Further, Mr Quill says an a fortiori case is Attorney-General v Guardian Newspapers Ltd and Another (1992) 3 All ER 38, where it was held that publicity concerning a named defendant before a jury during the jury trial of another charge did not give rise to a serious prejudice as "the practical risk of the publication engendering bias in a jury or ordinary good sense was insignificant" (per Mann L.J. at 45).

  1. However I have a lingering and deep concern that Mrs Williams' fair trial will be rendered more difficult by publicity, which I expect will not be insubstantial, of her arrest on dishonesty charges.

  1. Mr Quill is quite right that the charges have got nothing to do with drugs and nothing on their face to do with the charges she is facing on 29 September.  But they have got one very relevant thing to do and that is they are to do with her.  She is charged with dishonesty offences and she is about to face a jury.

  1. I think in the end, one has to be guided by one's sense of fairness and justice.  My sense of fairness and justice is that where the applicant is facing a jury in three weeks' time, and is going to be publicised for being charged with dishonesty offences, the Court ought not to permit that to happen in her interests and in fairness to her and in the interests of a fair trial.

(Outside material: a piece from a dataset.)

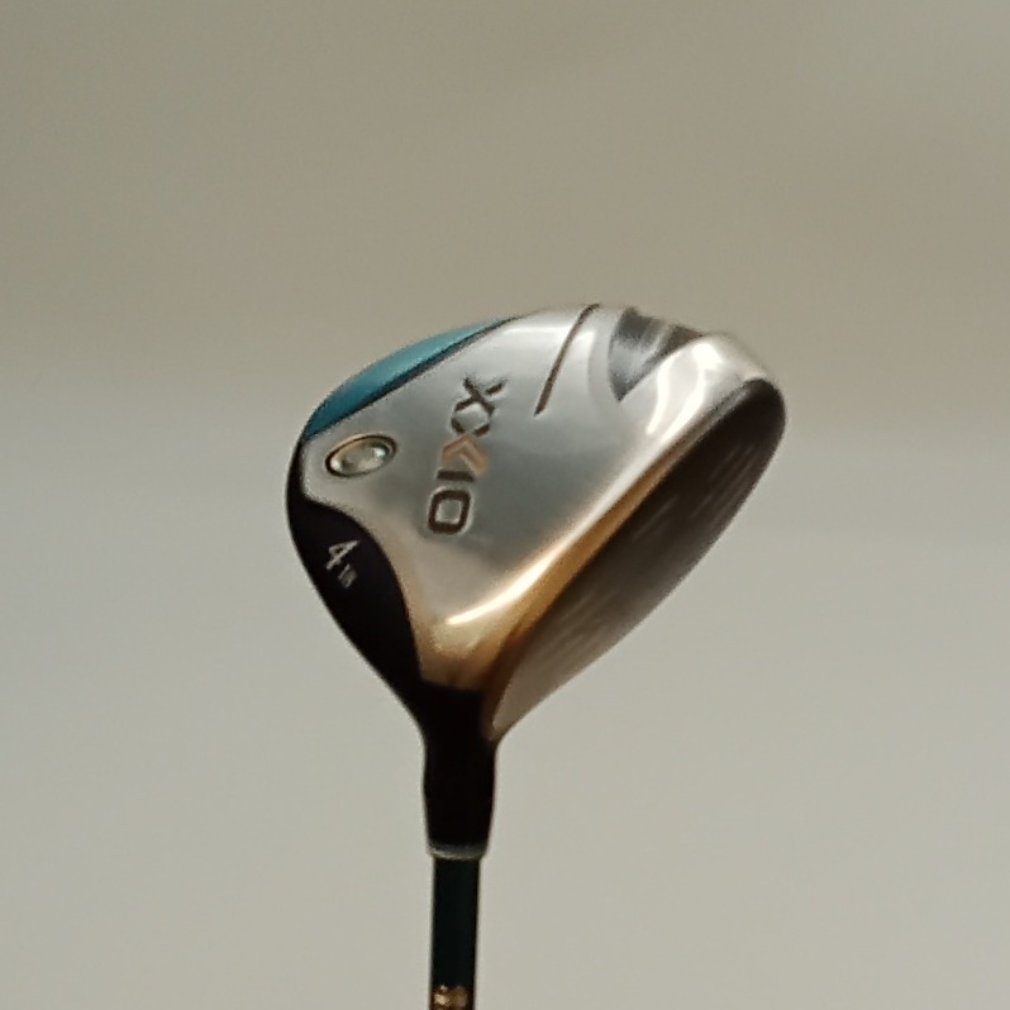 【専用】XXIO12 レディース 4W 18° MP1200L XXIO LADIES ブルー (2022) レディス 4W 18° L XXIO MP1200L ブルー
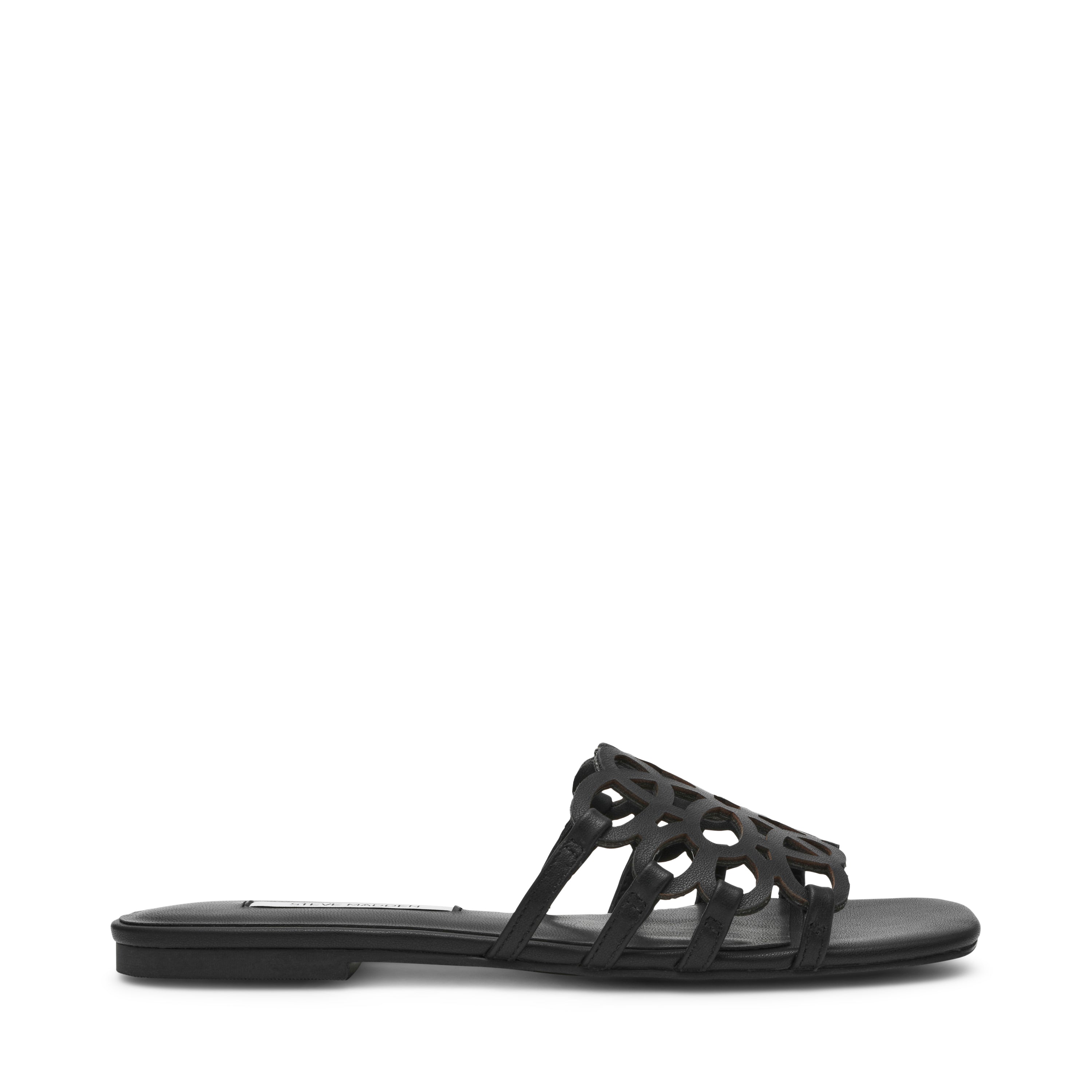 Lotus-CN Sandal BLACK LEATHER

  1. I know, as Mr Quill has said, that a judge can direct a jury to put it aside, and I agree that this is not a matter of mental gymnastics.  But I think in the end, one should be guided by one's sense of fairness and I act accordingly.  I propose to extend the injunction I made yesterday until the conclusion of her 29 September trial, or until other order.

  1. Accordingly I order that any report in print or by film, photograph of otherwise, of:

(1)       Mrs Williams' arrest yesterday on dishonesty charges;  or

(2)       the laying of the charges against her yesterday or filing of them today


be prohibited until the end of her 29 September drug trial or until further Order.